Lately though, he's been feeling hopeful. The reason is Next-Generation Sequencing (NGS).
Sequencing deciphers the order of nucleotides or alphabets in the DNA, an organism's biological blueprint. Next-generation sequencers perform high-throughput sequencing faster than before. There are also different types of NGS sequencers: those that can read short pieces of DNA in depth and those that can rapidly read much longer sequences.
In cancers, NGS identifies mutations in tumour cells to target treatment. In pre-natal screening, it detects abnormalities in foetal DNA from the mother's blood. Infectious disease is its next frontier. Ramasubramanian sent tissue from a patient's diseased heart valve for one such test. Where the standard culture test yielded nothing, NGS showed a bacterium that, if untreated, could have infected the new, surgically replaced valve.

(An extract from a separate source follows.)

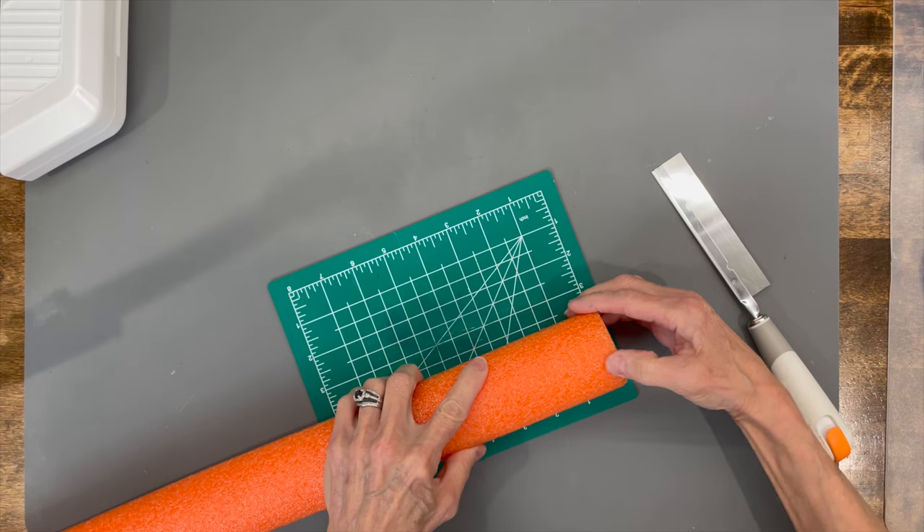Hey guys, welcome back to my channel! If you are looking for a super easy sweater-looking farmhouse style pumpkin to put on a wreath, on a tiered tray, or if you're just looking for that craft fair top seller, you won't want to miss this video today. Thanks for watching, love you guys!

The use of NGS in infectious disease heralds "a paradigm shift from empirical medicine to evidence-based medicine," says Aneesh Nair, Principal Scientist and Head, NIMS Centre for Genomic Medicine, Thiruvananthapuram. This potentially also impacts India's growing AMR problem. "A reliable diagnostic methodology, where we get an answer in a matter of few hours, will revolutionise our approach in the use of antibiotics," says Ramasubramanian.